[DATA UNDER STUDY — start]
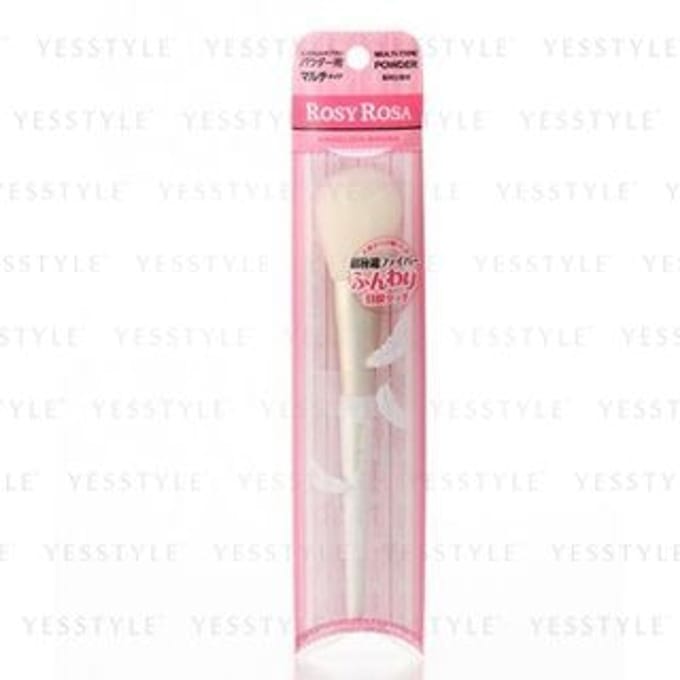 Chantilly - Rosy Rosa Angelich Multi Type Powder Brush 1 pc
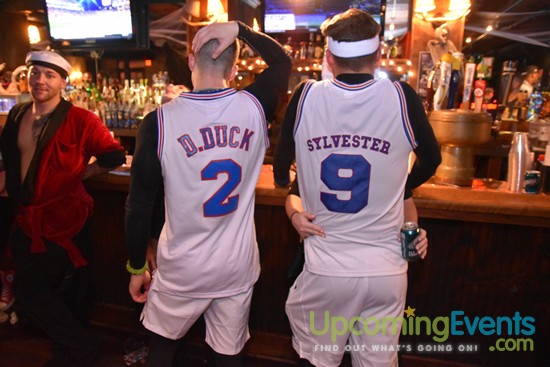 Photo from Manayunk's Haunted Brewery Bash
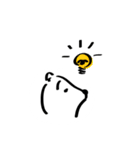 BeaRelax（個別スタンプ：12）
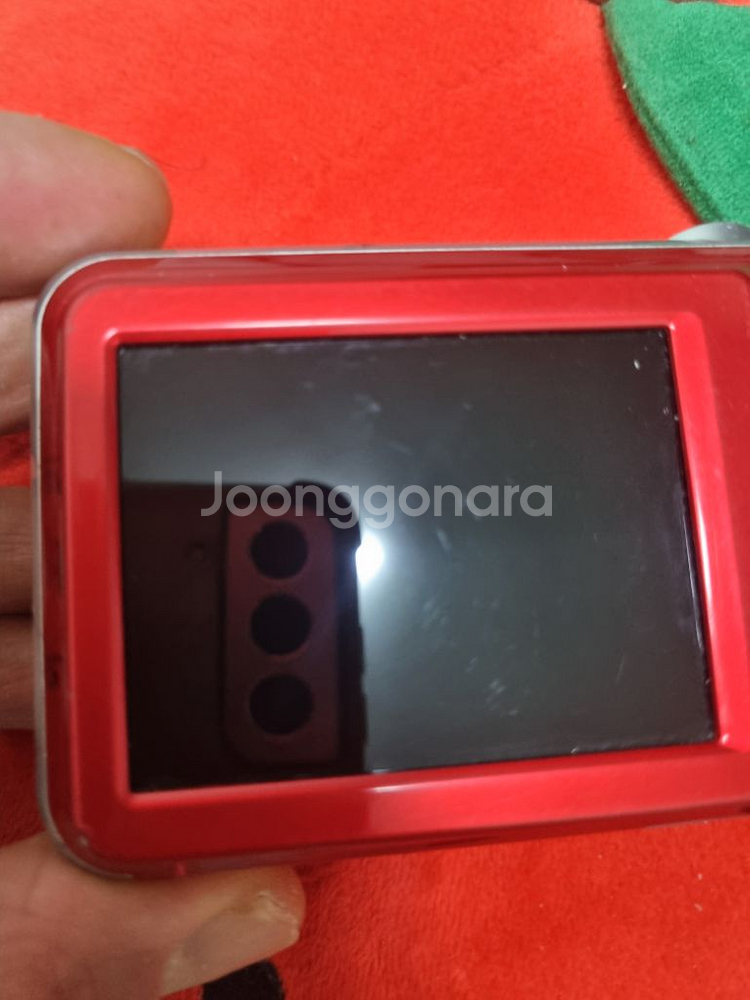 삼성 vluu es65 레트로 디카 빈티지 카메라--2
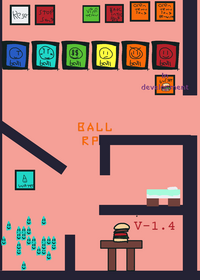 Play with a ball :]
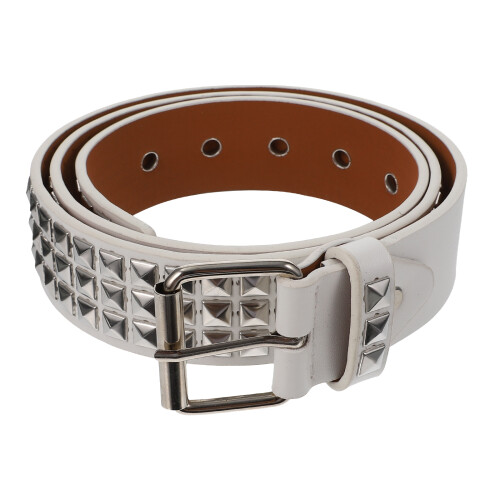 1Pièces Ceinture Taille Métal Punk Rivet Accessoire Mode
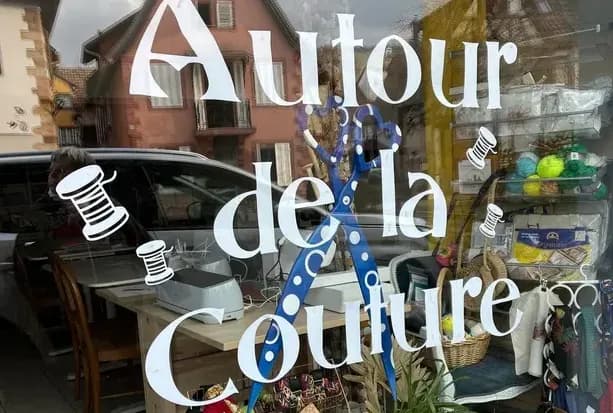 Autour de la couture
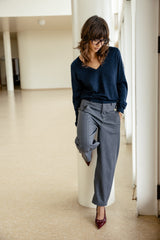 PANTALON FEMME ROSALIA LAMOROZO MOON ROCK MOON ROCK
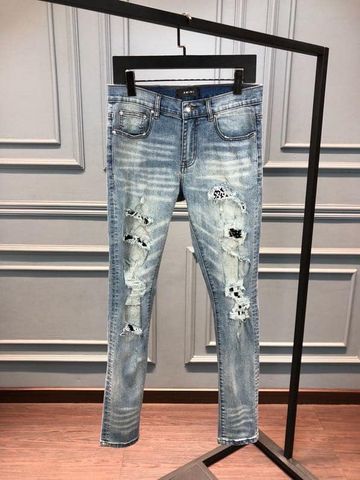 Quần jeans rách armani cho nam siêu cấp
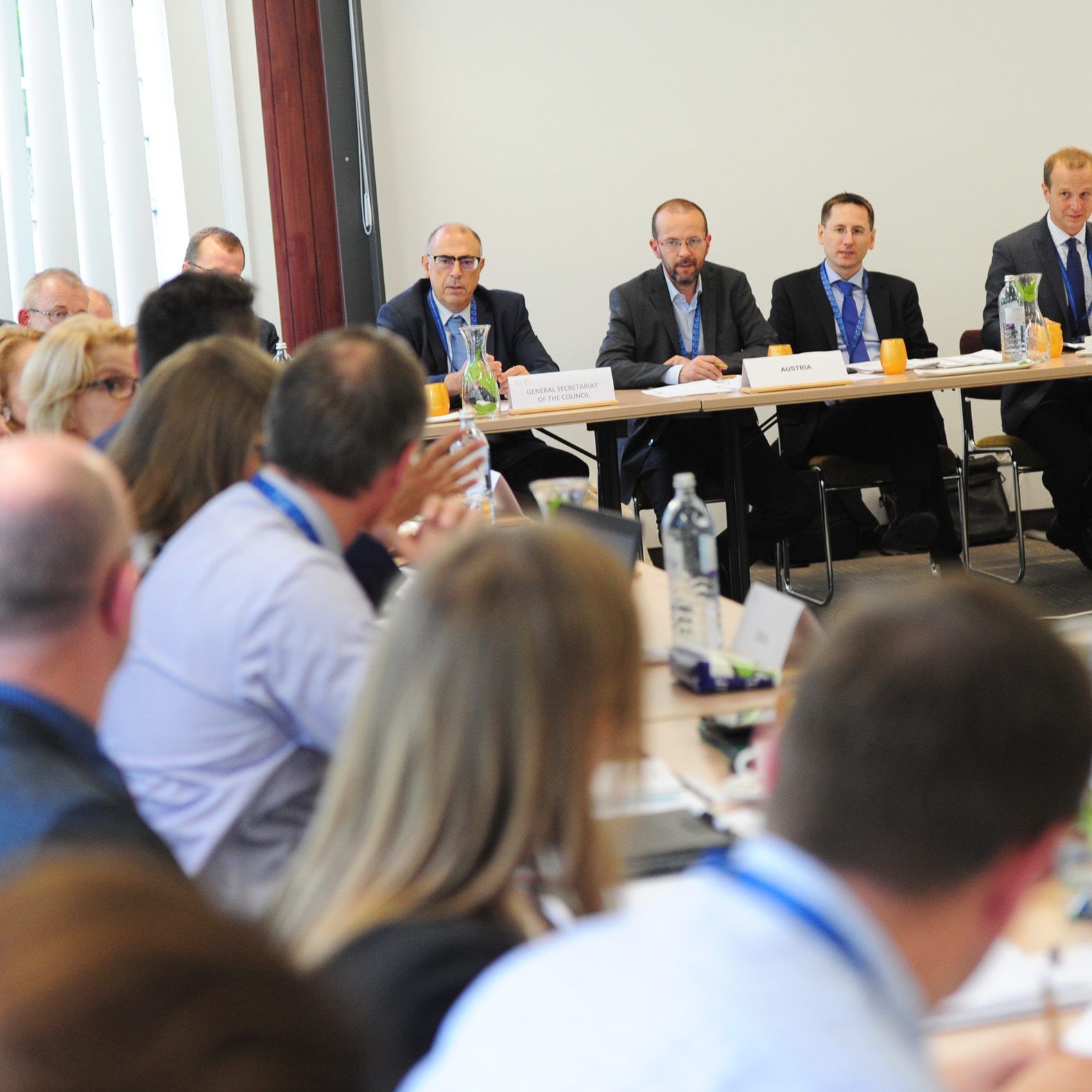 Tagung der Direktoren für ländliche Entwicklung (LE) aller EU-Mitgliedstaaten in Bregenz.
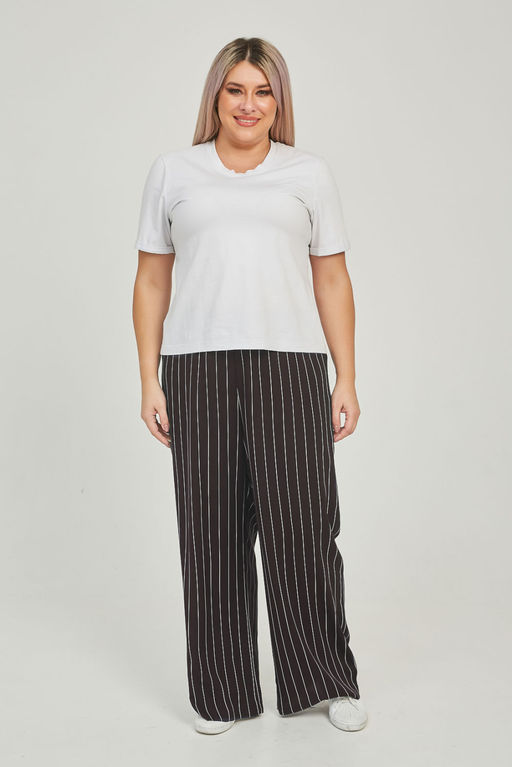 Брюки Luxury Moda 854 чёрный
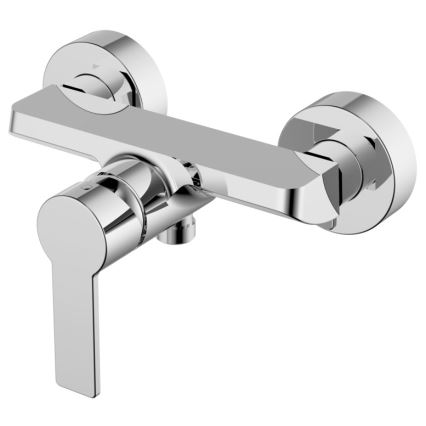 Villeroy & Boch TVS10300100061 - Grifo de ducha ARCHITECTURA, cromo pulido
[DATA UNDER STUDY — finish]
Copy exactly the lines from the line that has "삼성 vluu es65 레트로 디카 빈티지 카메라--2" through the last line of the entries above, inclusive, and no others. Pictures do not go in the copy.

_EXERCISE OUTPUT:_
 삼성 vluu es65 레트로 디카 빈티지 카메라--2
 Play with a ball :]
 1Pièces Ceinture Taille Métal Punk Rivet Accessoire Mode
 Autour de la couture
 PANTALON FEMME ROSALIA LAMOROZO MOON ROCK MOON ROCK
 Quần jeans rách armani cho nam siêu cấp
 Tagung der Direktoren für ländliche Entwicklung (LE) aller EU-Mitgliedstaaten in Bregenz.
 Брюки Luxury Moda 854 чёрный
 Villeroy & Boch TVS10300100061 - Grifo de ducha ARCHITECTURA, cromo pulido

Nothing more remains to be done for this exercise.